AWS EC2 Spot Instances are a neat way to optimize compute spend on AWS by up to 90 %. As always, there are numerous options available for using Spot Instances. Understanding the implications of using Spot Instances can help customers use them in more ways than is prevalent currently and greatly reduce costs without compromising on availability.
What are Spot Instances and Why are they discounted so much?
Spot Instances are spare compute capacity available at massively discounted prices as compared to OnDemand Instances. It is a way for AWS to monetize spare capacity.
In terms of capabilities, there are a few key differences that can be summarized as follows.
The following table lists the key differences between Spot Instances and On-Demand Instances.
|Spot Instances||On-Demand Instances|
|Available capacity||Spot Requests can continue to look for spot instances if the capacity is not available immediately until they are fulfilled.||if capacity is not available when you make a launch request, you get an insufficient capacity error (ICE).|
|Varies based on demand per Availability Zone||Constant per Region|
|Instance interruption||Start/Stop operations are only possible by EC2 Spot Service when capacity is not available/ price is more than maximum bid price/ demand for Spot Instances Increase with a 2- minute notice||User controlled or via CLI/SDK. AWS will not terminate instances irrespective of demand.|
|Launch Time||As of Nov 2017, these would launch immediately and are similar to OnDemand instances except as noted in this table||Launch Immediately|
So What does this mean?
- Spot Instances are a natural fit for compute pools that handle stateless workloads like Big Data / Distributed/HPC/Batch computing as the software framework is inherently fault tolerant.
- Spot Instances have exactly the same performance characteristics as OnDemand workloads – Which means…
- Spot Instances can be a great fit for many types of applications if they handle the spot instance interruption characteristics effectively.
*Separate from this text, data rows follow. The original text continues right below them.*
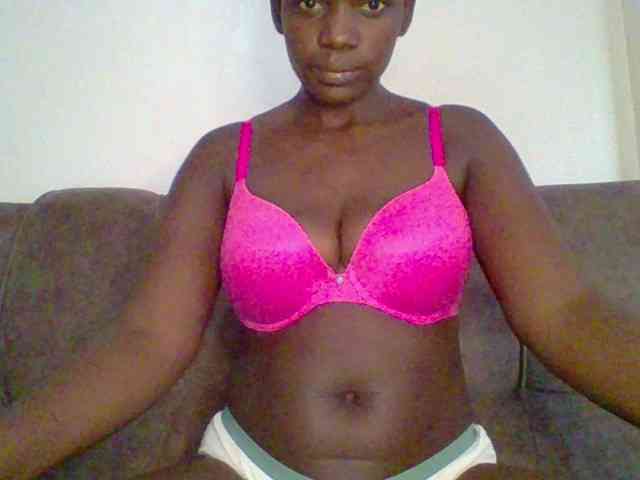 bustybliss webcam
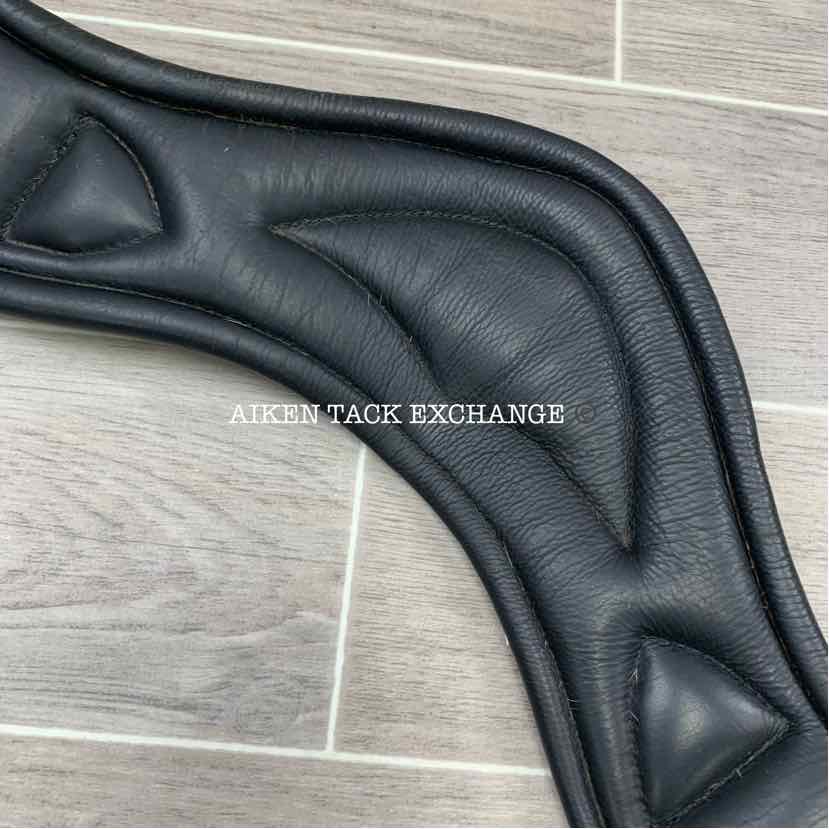 Smith Worthington Contour Dressage Girth 30"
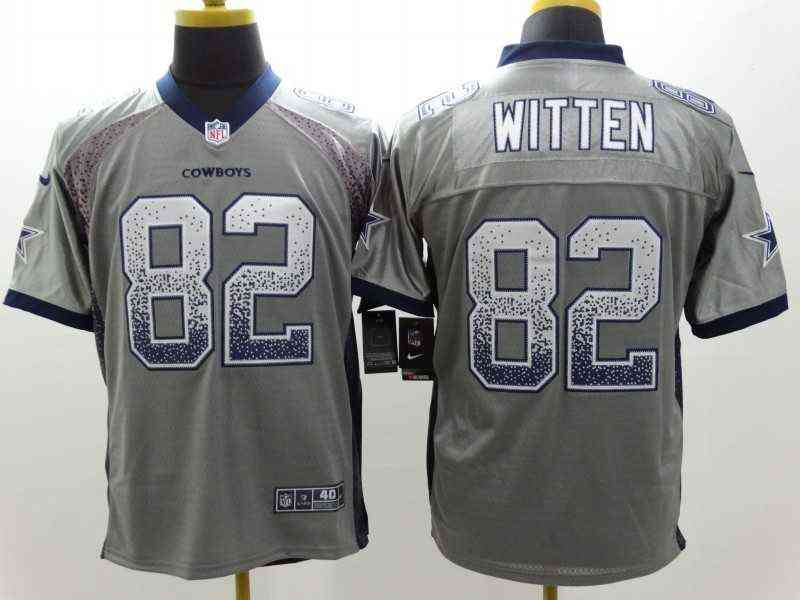 wholesale cheap NFL Cowboys Jersey-134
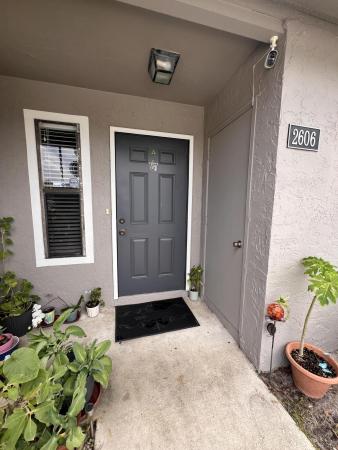 Canalakes, 2606 Canalside Dr, Greenacres, Florida 33463, image 3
This puts Dev / Test instances / Production workloads that do not have any state information residing on an instance memory or cache in the domain of Spot Instances.
- Since the price is varying independently per Availability zone and instance type, it is very helpful to build some automation to analyze and provision the best price/performance spot instance that may be available across multiple availability zones. In the below example, 5 different prices exist for the same instance type based on time.
5. Spot Instance termination notices are available as Cloud watch events, instance metadata that can be queried and suitable actions configured. Typically these include, removing spot instances from the instance pool and draining the connections, taking snapshots of the instance volumes, preserving the private IP, cloning a new machine, restoring the snapshots and private IP and adding it back to the instance pool.
Best Practices using Spot Instances
It is essential to the address the issue of termination of instances and improve fault tolerance of the infrastructure by following these best practices
- Go Multi-AZ: Provision instances in multiple availability zones. This helps in reducing the risk of losing multiple instances because of sudden demand spikes
- Use multiple instance types in each availability zone – This further reduces the risk of losing compute capacity due to sudden demand spikes for a particular instance type in one availability zone.
- Monitor for spot termination to improve fault tolerance and reprovisioning. A great sample available here from AWS
- Use Spot Advisor to understand the likelihood of instance termination for the particular instance type. Typically, the newer instance types are in higher demand. As you can see, the frequency of interruption can be as low as < 5% for certain instance types.
5. Critically evaluate your workloads if they can live with a small risk of data loss during spot instance terminations – especially in the dev/test environments and after incorporating best practices.
6. Automate the provisioning of infrastructure to effectively leverage the pricing data of spot instances, monitor for spot interruption notices and cloning of instances.
Have your cake and eat it too – Defined duration workloads.
Still not convinced Spot Instances can be useful for your workloads? AWS provides an additional option to use Spot blocks for workloads that are less than 6 hours that are guaranteed not be interrupted and available up to 50% off! It was found that nearly 50% of EMR jobs run for less than 6 hours. This makes it an ideal candidate for using spot blocks for these types of jobs.
Application Patterns for Guaranteed Availability
While Spot Instances provide great savings, to ensure the application does not suffer from complete outage ( due to loss of all spot instances at the same time), a good pattern for provisioning your cluster is to have a mix of on-demand instances that serve the minimum required compute capacity and use spot instances for the scalable demand.
Another option is to use Spot Blocks for tasks that are known to be less than 6 hours. e.g. many CI/CD jobs, automated build verification tests, unit/perf test suites ( provided they take less than 6 hours)
Apart from the above mentioned, there are additional options in using spot fleets, ec2 fleets, persistent spot requests are more for varied use cases. Spot instances are integrated with EC2, EMR, ECS, Batch, Auto Scaling Groups and Application Autoscaling Groups.
We will cover them in greater detail in future posts and understand how best to use Spot with each of the services. Stay Tuned!
Spot Instances can become a valuable tool in your arsenal in the cost optimization journey. Once you understand the nuances of Spot Instances, they can provide ongoing cost reductions. Many enterprises have successfully used Spot Instances to gain sizable cost savings and giving wings to their digital aspirations.